By Joshua Goodman and Helen Murphy
March 29 (Bloomberg) -- The Inter-American Development Bank is seeking to nearly triple its capital, with $180 billion in new funding from its member countries to help Latin America weather the global financial crisis, said Pedro Pablo Kuczynski.
The proposed increase, about 4 percent of which would be paid in cash over several years, could sustain annual lending of $15 billion, Kuczynski said at the bank’s annual meeting in Medellin, Colombia. The Washington-based IDB, the region’s largest development lender, wants to approve loans for $17 billion in 2009, up from 2008’s record $11.1 billion, he said.
“Although the request seems big, it’s actually quite modest,” said Kuczynski, a former Peruvian finance minister who is heading an outside panel of experts to evaluate the IDB’s capital increase proposal. “We could easily disburse $20 billion this year if we had the money.”
The global credit crisis that’s depressing trade, capital inflows and foreign investment is “the worst shock ever” faced by Latin America, Nicolas Eyzaguirre, Western Hemisphere director for the International Monetary Fund told reporters in Medellin yesterday.
As the region falls into recession for the first time since 1983, with a simultaneous collapse in credit, remittances and tourism, demand for assistance from the IDB, IMF and other multilateral lenders is rising.
‘Demand’
U.S. Treasury Secretary Timothy Geithner arrives to Medellin today to debate the IDB’s funding request, the first in 15 years, with bank governors from China, Japan and 46 mostly Western Hemisphere nations.

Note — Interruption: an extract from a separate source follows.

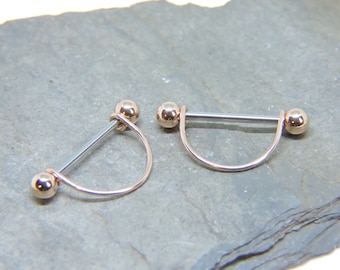 12g 14g 16g Choose 2 Letters Custom Nipple Jewelry Piercings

The U.S. is the bank’s biggest shareholder, with a 30 percent stake.
“In our opinion we have to increase the size of the bank,” said Paulo Bernardo, Brazil’s planning minister and IDB governor. “We believe that the bank clearly isn’t in the condition to face the demand in the region.”
The request for new funding is unrelated to the bank’s losses last year of about $1 billion, on bad investments in mortgage-backed securities, Kuczynski said.
Still, the losses, the first ever by the bank in its 50 year history, have generated concern among IDB governors who are expected to vote on the proposal tomorrow.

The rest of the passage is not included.